At The Library Of Things, You Can Borrow Almost Anything

Owning things you barely need could soon be a thing of the past

Special Collections: REDUCE REUSE RECYCLE


At the Sharing Depot in Toronto, Canada, you can borrow thousands of items.

(AlexeiLogvinovich /

Imagine there was a place, where, instead of buying something you need to use only a few times, you could just go and borrow it. That is the idea behind The Library of Things. This growing community of communal spaces gives people access to wide variety of everyday items, ranging from board games, party supplies, DIY tools, gardening things, kitchenware, camping kit and events equipment, garden tools, clothing and tents - without needing to purchase. 

The concept was born out of the idea that there is no need for people to own all the items they may need, often times only once every few months. Now, instead of wasting money and space, they can access them through the library of things.

Specialty libraries, such as the tool library movement or toy lending libraries have been around for a long time, and led the way for the growing Library of Things movement. And the great success of the idea has proven it right.
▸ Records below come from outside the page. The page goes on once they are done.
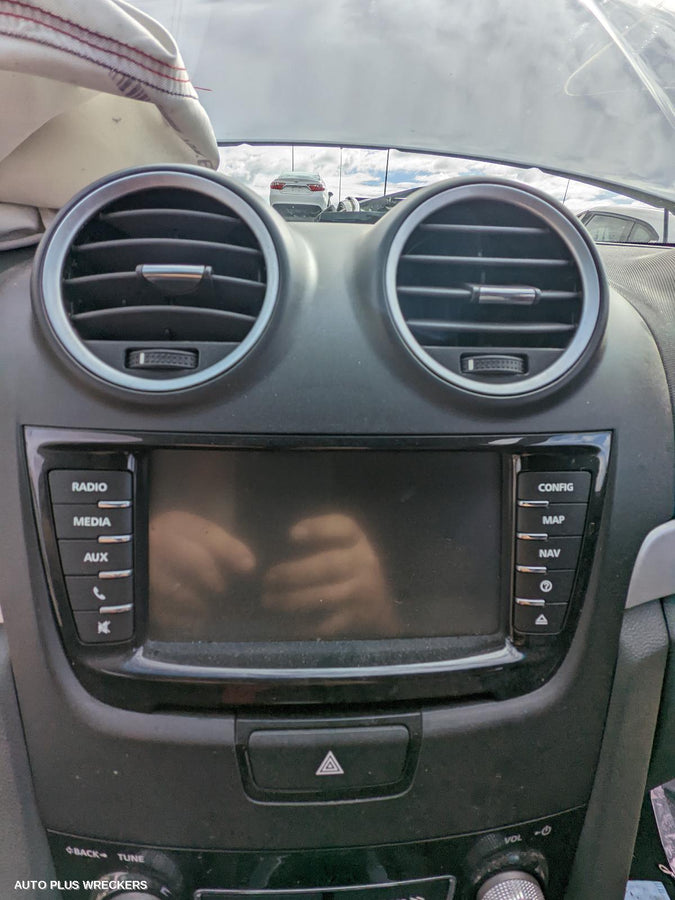 2013 Holden Commodore Left Front Hub Assembly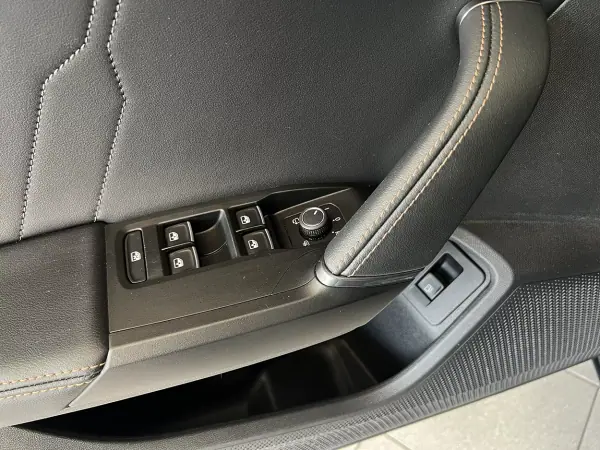 Cupra Formentor 2022 - 25900 EUR, 80652 km - AUTO.MOTO.pt - 80652km - foto 19 de 25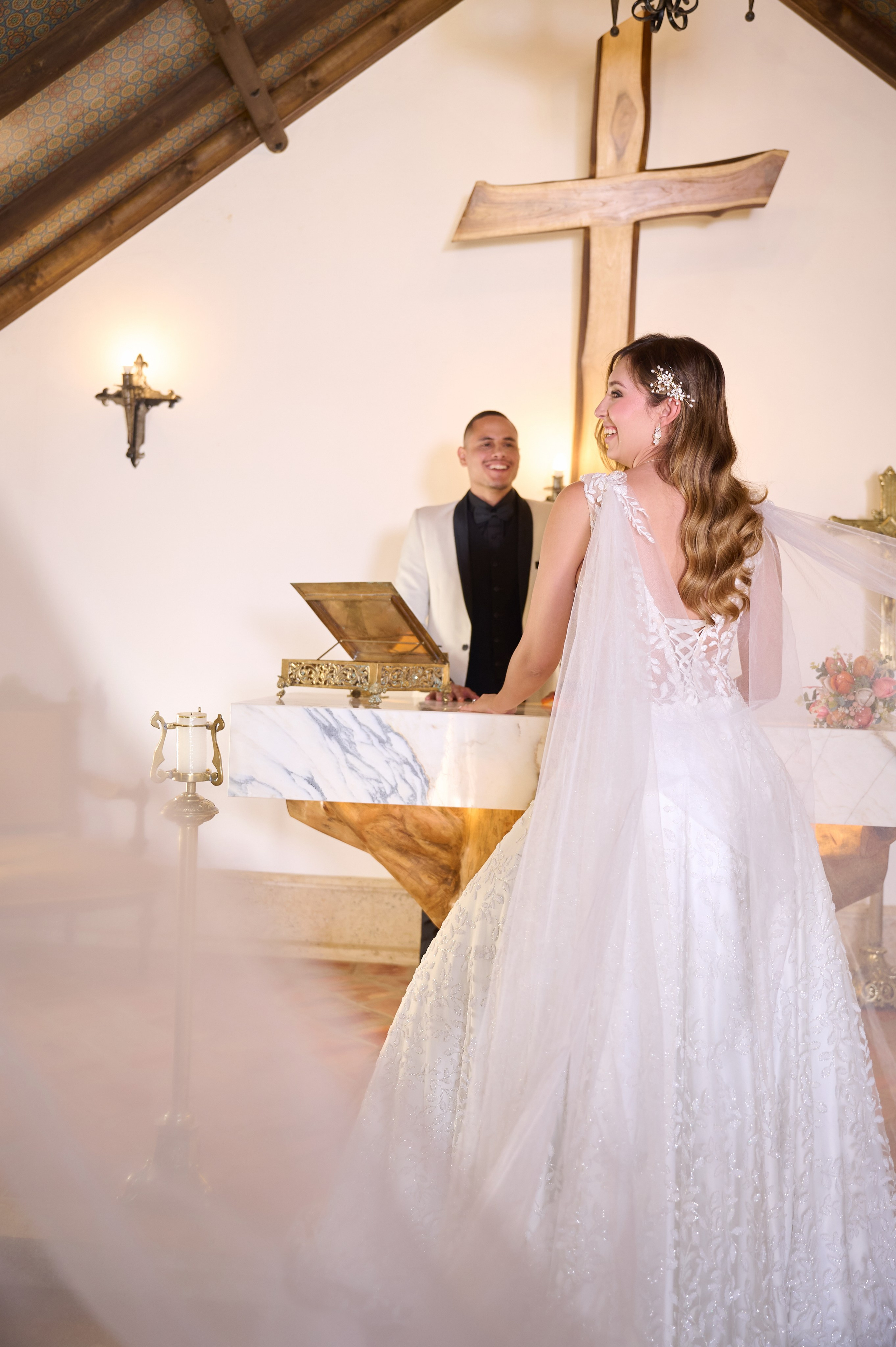 Fotografo en Colombia. Wedding Photography & Videography by ZZ Hendrick | Capturing Your Love Story in Colombia & USA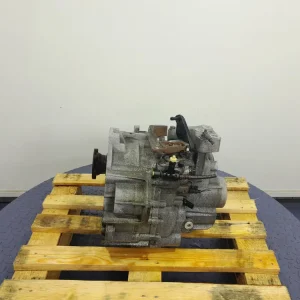 Wyprzedaż VW PASSAT B7 2.0 TDI CFG 170 KM SKRZYNIA BIEGÓW MANUAL 6B NGD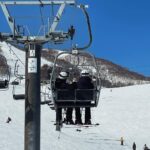 Vuthithorn Milintachinda Instagram - มุ้งมิ้งออนเดอะเมาน์เท่น Ski day with @woodytalk 🥰🥰 Grand HIRAFU ウェルカムカフェ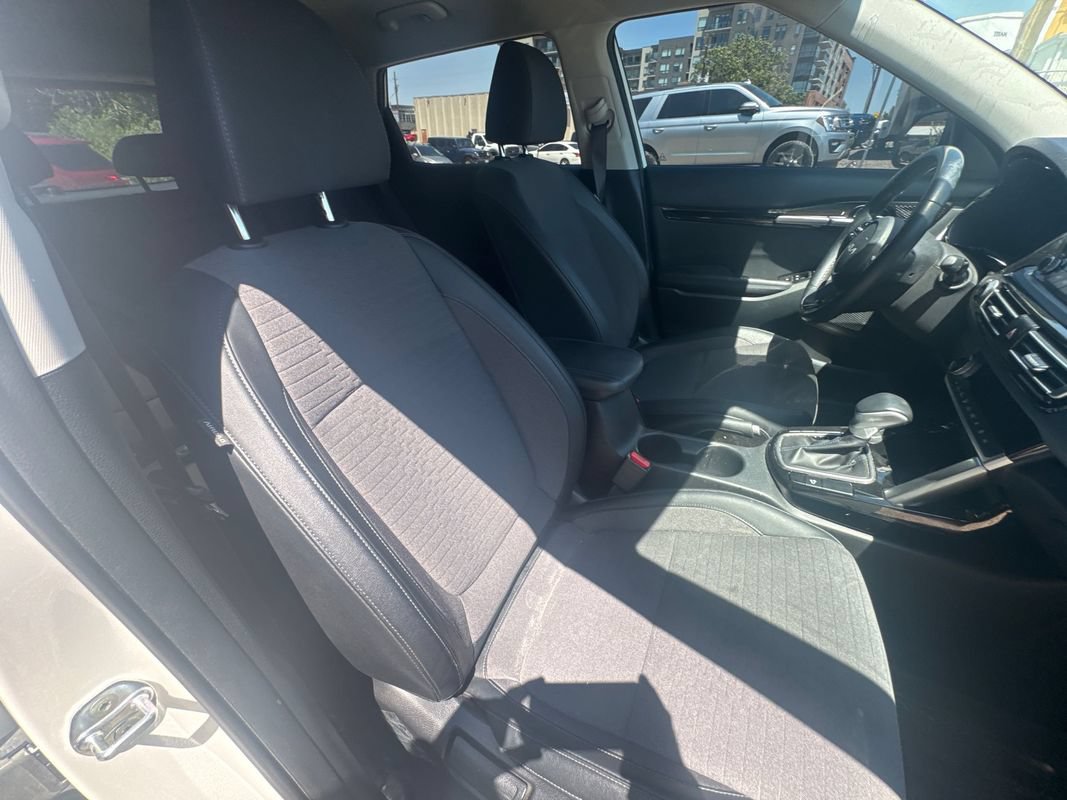 Used 2022 Kia Seltos S FWD image 17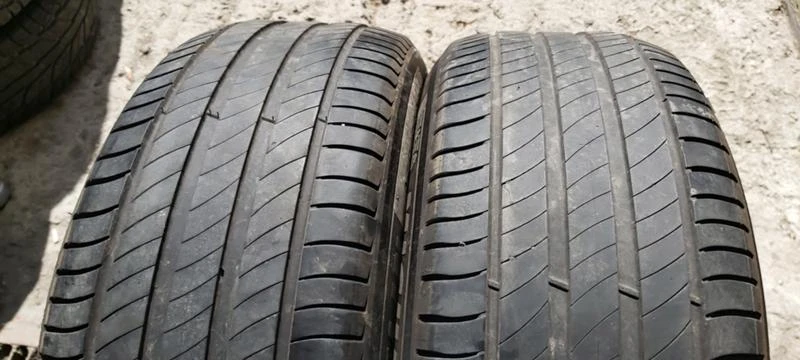 Гуми Летни 235/55R18, снимка 1 - Гуми и джанти - 33037319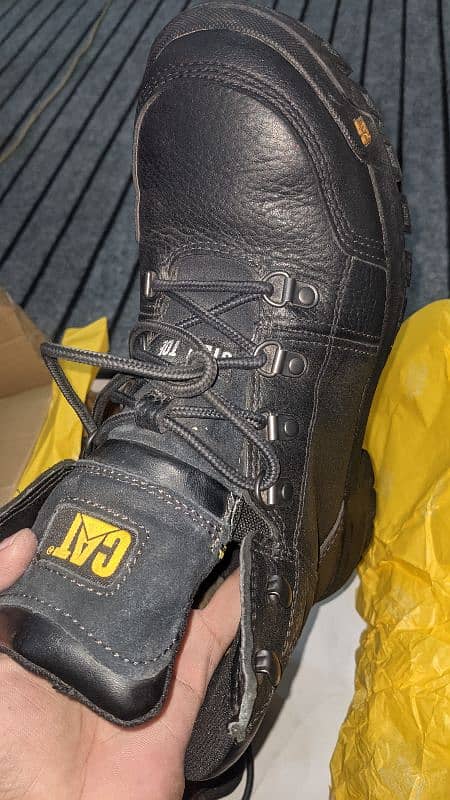 Caterpillar Safety Shoes for sale. 4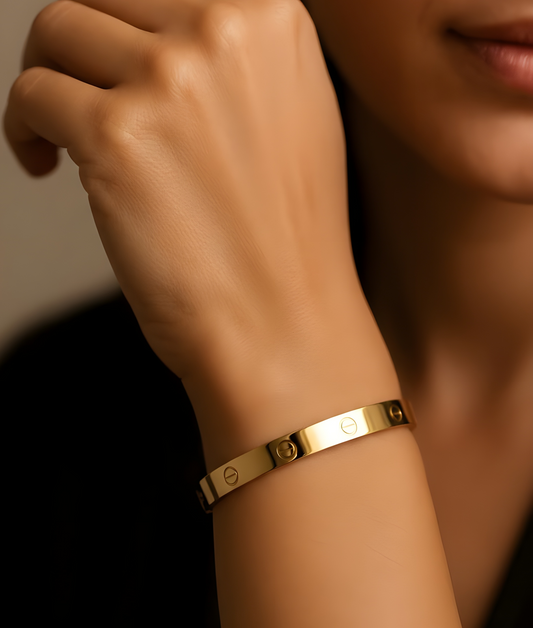 LuxeLock Bangle – 18K Gold-Plated Bracelet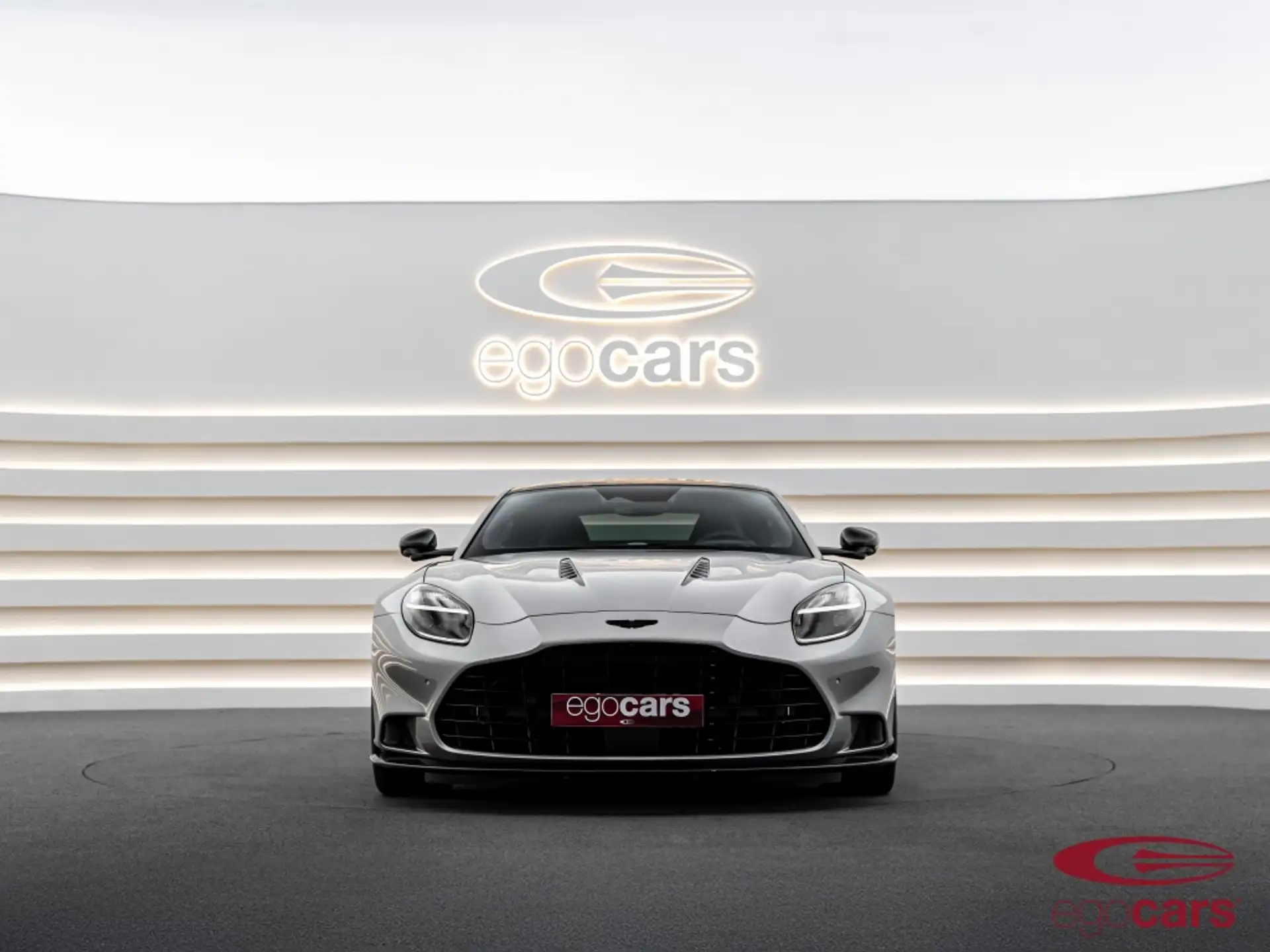 애스턴마틴 뱅퀴시 Coupe 2025 회색 사진 2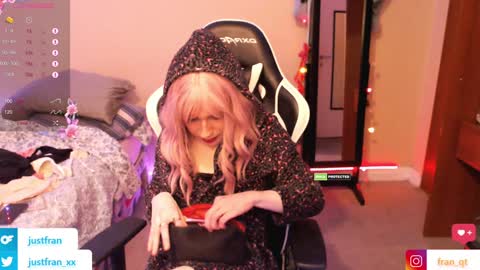 Snapshot of fran_qt chatting on 6, 1, 2025 Fran online show from 6, 1, 2025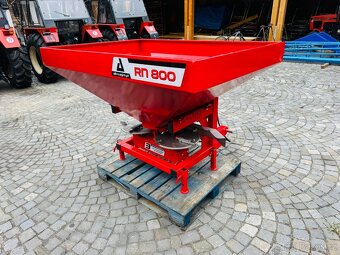 Rozmetadlo  hnojiv - 5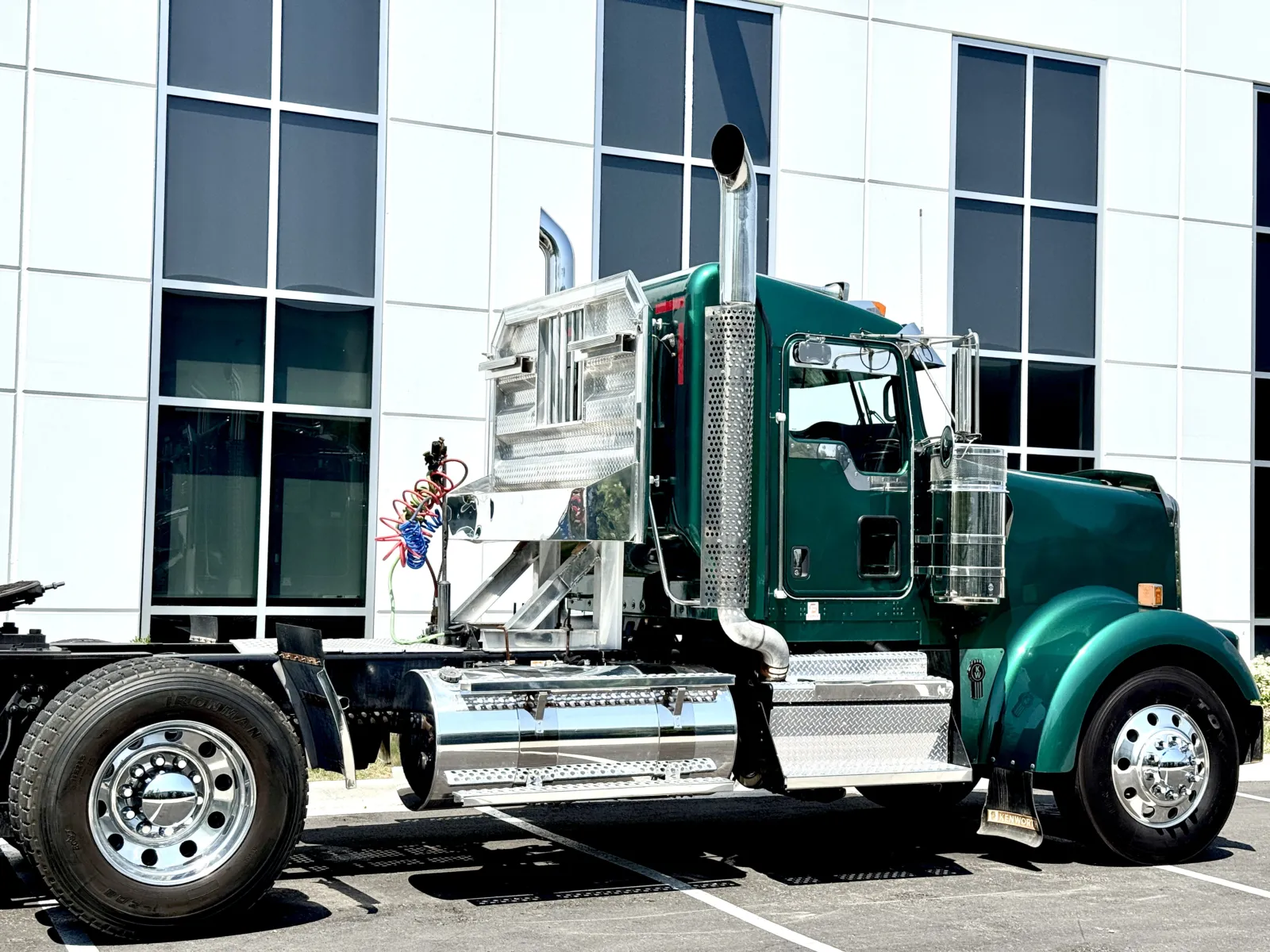2020 Kenworth W900 - image 7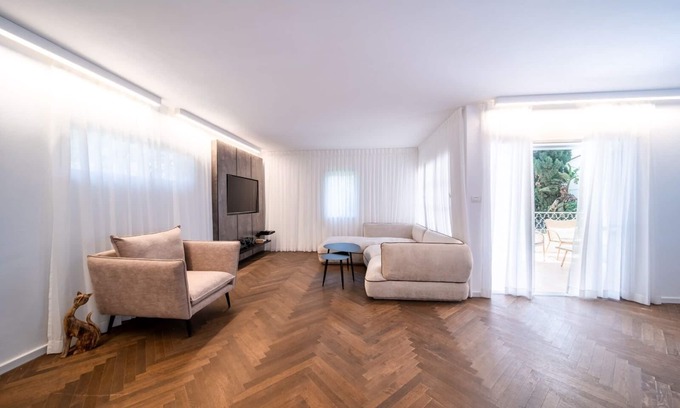 Herzliya Pituach House | Family-Friendly Vrbo Property for Your Next Adventure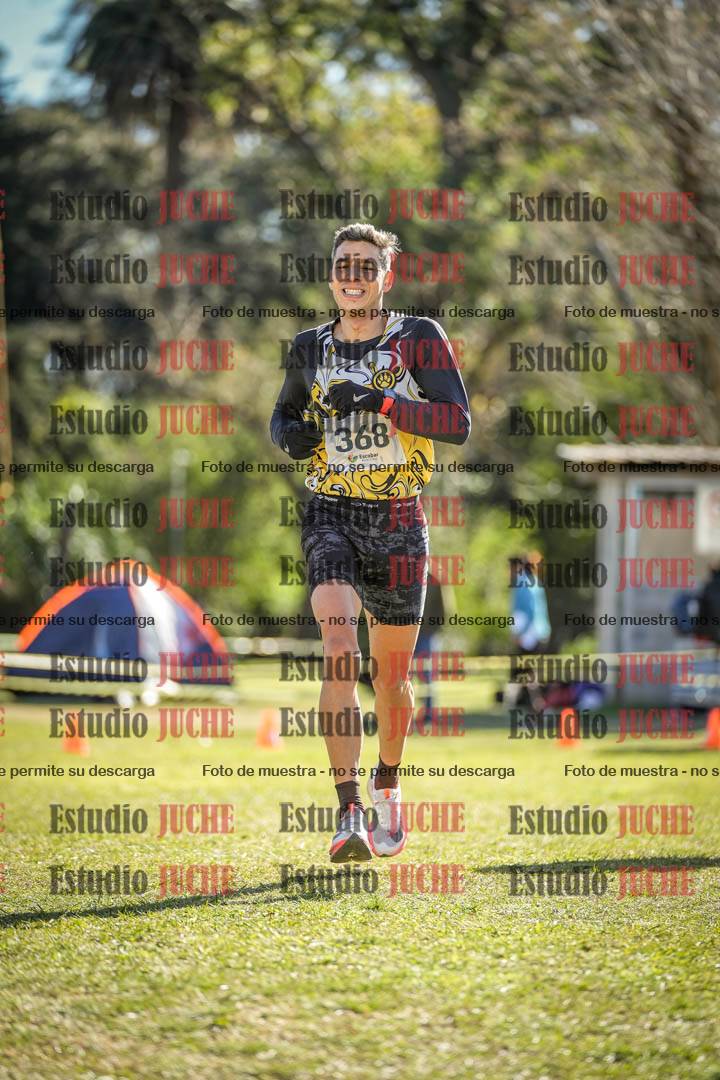 Fotos de la llegada del cross de 8000 m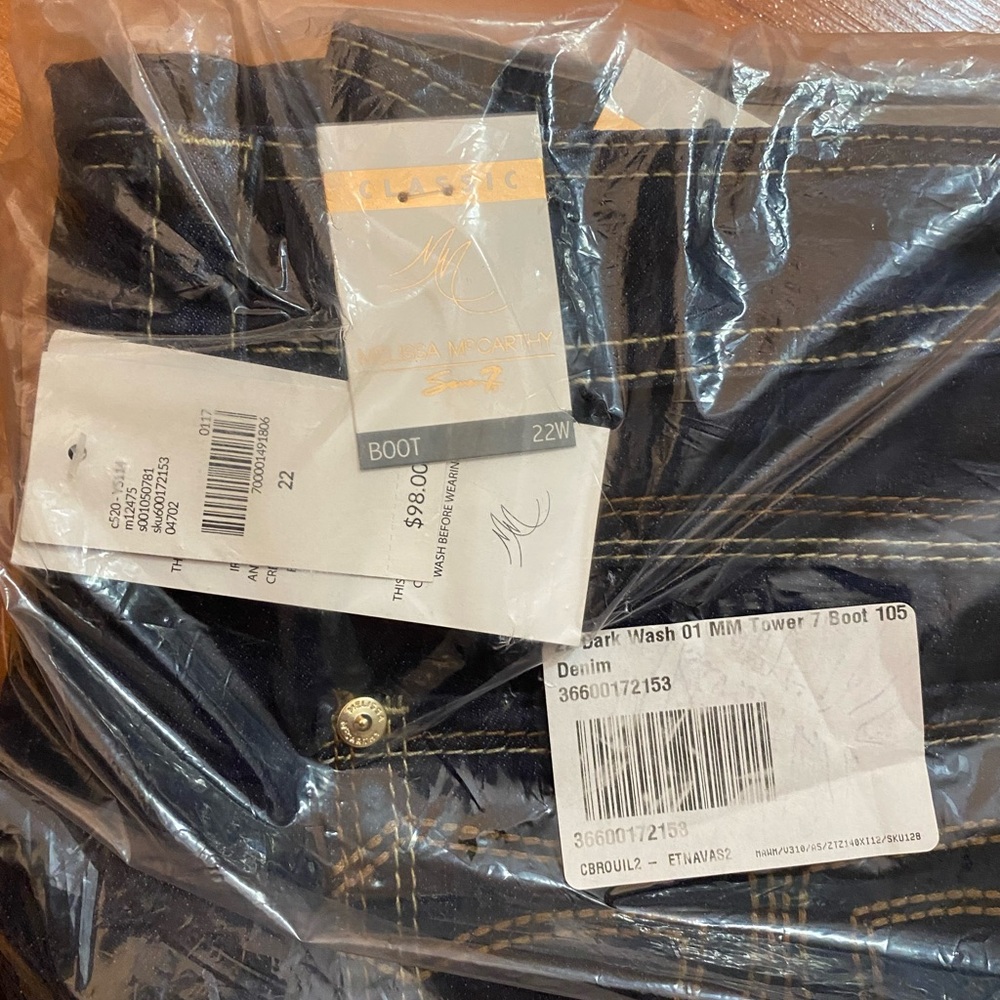 Melissa McCarthy Classic jeans. NWT!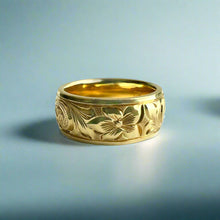 Load image into Gallery viewer, Old English &amp; Hibiscus 8mm Hawaiian Ring in 18K Yellow Gold in size 7

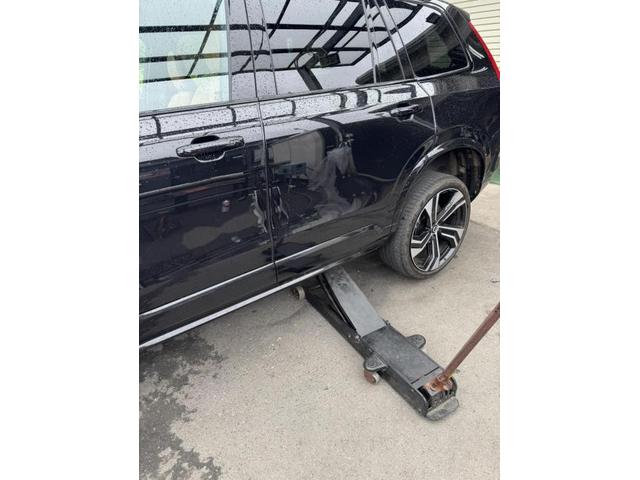 ボルボVOLVO XC90｜22インチタイヤ交換【アゼストオート株式会社／四街道市】　ＸＣ９０　ホイール・タイヤ交換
Many community-based Library of Things locations give out well over 1,000 items per week, while some also offer classes on how to use the items they offer.

While the first of libraries originated in the United States, others have sprung up in Canada, The Netherlands, England, and Germany.

"The most successful Libraries of Things are the ones do more than just lend items," Gene Homicki, co-founder and CEO of myTurn told Shareable. "They also create a strong sense of community. For example, some offer sliding scale subscriptions based on income or usage to help ensure a diverse community can afford to access the library."

"We’re helping build a future in which anywhere you live, anywhere you work," he says, "and anywhere you travel, you’ll be able to access what you want and need at a Library of Things in our network."